### Stored data
···
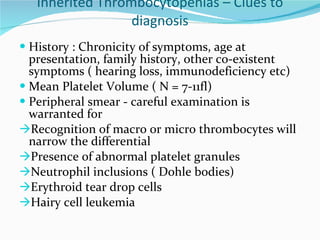 Inherited Thrombocytopenias – Clues to diagnosis History : Chronicity of symptoms, age at presentation, family history, other co-existent symptoms ( hearing loss, immunodeficiency etc) Mean Platelet Volume ( N = 7-11fl) Peripheral smear - careful examination is warranted for Recognition of macro or micro thrombocytes will narrow the differential Presence of abnormal platelet granules Neutrophil inclusions ( Dohle bodies) Erythroid tear drop cells Hairy cell leukemia 
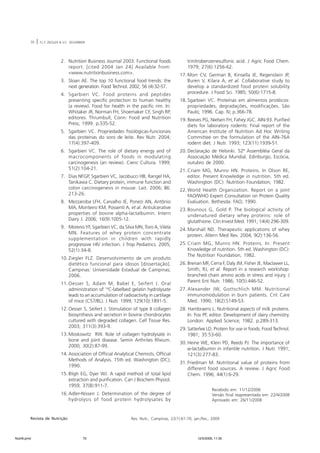 70 | F.L.F. ZIEGLER & V.C. SEGARBIERI 
2. Nutrition Business Journal 2003. Functional foods 
report. [cited 2004 Jan 24] Available from: 
<www.nutritionbusiness.com>. 
3. Sloan AE. The top 10 functional food trends: the 
next generation. Food Technol. 2002; 56 (4):32-57. 
4. Sgarbieri VC. Food proteins and peptides 
presenting specific protection to human healthy 
(a review). Food for health in the pacific rim. In: 
Whitaker JR, Norman FH, Shoemaker CF, Singh RP, 
editores. Thrumbull, Conn: Food and Nutrition 
Press; 1999. p.335-52. 
5. Sgarbieri VC. Propriedades fisiológicas-funcionais 
das proteínas do soro de leite. Rev Nutr. 2004; 
17(4):397-409. 
6. Sgarbieri VC. The role of dietary energy and of 
macrocomponents of foods in modulating 
carcinogenesis (an review). Cienc Cultura. 1999; 
51(2):104-21. 
7. Dias NFGP, Sgarbieri VC, Jacobucci HB, Rangel HA, 
Tanikawa C. Dietary protein, immune function and 
colon carcinogenesis in mouse. Lait. 2006; 86: 
213-26. 
8. Mezzaroba LFH, Carvalho JE, Ponezi AN, Antônio 
MA, Monteiro KM, Possenti A, et al. Antiulcerative 
properties of bovine alpha-lactalbumin. Intern 
Dairy J. 2006; 16(9):1005-12. 
9. Moreno YF, Sgarbieri VC, da Silva MN, Toro A, Vilela 
MN. Features of whey protein concentrate 
supplementation in children with rapidly 
progressive HIV infection. J Trop Pediatrics. 2005; 
52(1):34-8. 
10. Ziegler FLZ. Desenvolvimento de um produto 
dietético funcional para idosos [dissertação]. 
Campinas: Universidade Estadual de Campinas; 
2006. 
11. Oesser S, Adam M, Babel E, Seifert J. Oral 
administration of 14C-labelbed gelatin hydrolysate 
leads to an accumulation of radioactivity in cartilage 
of mice (C57/BL). J Nutr. 1999; 129(10):1891-5. 
12. Oesser S, Seifert J. Stimulation of type II collagen 
biosynthesis and secretion in bovine chondrocytes 
cultured with degraded collagen. Cell Tissue Res. 
2003; 311(3):393-9. 
13. Moskowitz RW. Role of collagen hydrolysate in 
bone and joint disease. Semin Arthrites Rheum. 
2000; 30(2):87-99. 
14. Association of Official Analytical Chemists. Official 
Methods of Analysis. 15th ed. Washington (DC); 
1990. 
15. Bligh EG, Dyer WJ. A rapid method of total lipid 
extraction and purification. Can J Biochem Physiol. 
1959; 37(8):911-7. 
16. Adler-Nissen J. Determination of the degree of 
hydrolysis of food protein hydrolysates by 
trinitrobenzenesulfonic acid. J Agric Food Chem. 
1979; 27(6):1256-62. 
17. Morr CV, German B, Kinsella JE, Regenstein JP, 
Buren V, Kilara A, et al. Collaborative study to 
develop a standardized food protein solubility 
procedure. J Food Sci. 1985; 50(6):1715-8. 
18. Sgarbieri VC. Proteínas em alimentos protéicos: 
propriedades, degradações, modificações. São 
Paulo; 1996. Cap. IV, p.366-78. 
19. Reeves PG, Nielsen FH, Fahey JGC. AIN-93. Purified 
diets for laboratory rodents: Final report of the 
American Institute of Nutrition Ad Hoc Writing 
Committee on the formulation of the AIN-76A 
rodent diet. J Nutr. 1993; 123(11):1939-51. 
20. Declaração de Helsinki. 52ª Assembléia Geral da 
Associação Médica Mundial. Edinburgo, Escócia, 
outubro de 2000. 
21. Criam MG, Munro HN. Proteins. In Olson RE, 
editor. Present Knowledge in nutrition. 5th ed. 
Washington (DC): Nutrition Foundation; 1982. 
22.World Health Organization. Report on a joint 
FAO/WHO Expert Consultation on Protein Quality 
Evaluation. Bethesda: FAO; 1990. 
23. Bounous G, Gold P. The biological activity of 
undenatured dietary whey proteins: role of 
glutathione. Clin Invest Med. 1991; 14(4):296-309. 
24. Marshall ND. Therapeutic applications of whey 
protein. Altern Med Rev. 2004; 9(2):136-56. 
25. Criam MG, Munro HN. Proteins. In: Present 
Knowledge of nutrition. 5th ed. Washington (DC): 
The Nutrition Foundation; 1982. 
26. Brenan MF, Cerra F, Daly JM, Fisher JE, Maclawer LL, 
Smith, RJ, et al. Report in a research workshop: 
branched chain amino acids in stress and injury. J 
Parent Ent Nutr. 1986; 10(5):446-52. 
27. Alexander JW, Gottschlich MM. Nutritional 
immunomodulation in burn patients. Crit Care 
Med. 1990; 18(2):S149-53. 
28. Hambraens L. Nutritional aspects of milk proteins. 
In: Fox PF, editor. Development of dairy chemistry. 
London: Applied Science; 1982. p.289-313. 
29. Satterlee LD. Protein for use in foods. Food Technol. 
1981; 35:53-60. 
30. Heine WE, Klein PD, Reeds PJ. The importance of 
D-lactalbumin in infantile nutrition. J Nutr. 1991; 
121(3):277-83. 
31. Friedman M. Nutritional value of proteins from 
different food sources. A review. J Agric Food 
Chem. 1996; 44(1):6-29. 
Recebido em: 11/12/2006 
Versão final reapresentada em: 22/4/2008 
Aprovado em: 26/11/2008 
Revista de Nutrição Rev. Nutr., Campinas, 22(1):61-70, jan./fev., 2009 
Nutri6.pmd 70 12/5/2009, 11:30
···
### Requirement
Using the data above, repeat exactly the lines that begin at the line with "propriedades, degradações, modificações. São" and end at the line with "outubro de 2000.", both ends included.

### Written solution
propriedades, degradações, modificações. São 
Paulo; 1996. Cap. IV, p.366-78. 
19. Reeves PG, Nielsen FH, Fahey JGC. AIN-93. Purified 
diets for laboratory rodents: Final report of the 
American Institute of Nutrition Ad Hoc Writing 
Committee on the formulation of the AIN-76A 
rodent diet. J Nutr. 1993; 123(11):1939-51. 
20. Declaração de Helsinki. 52ª Assembléia Geral da 
Associação Médica Mundial. Edinburgo, Escócia, 
outubro de 2000. 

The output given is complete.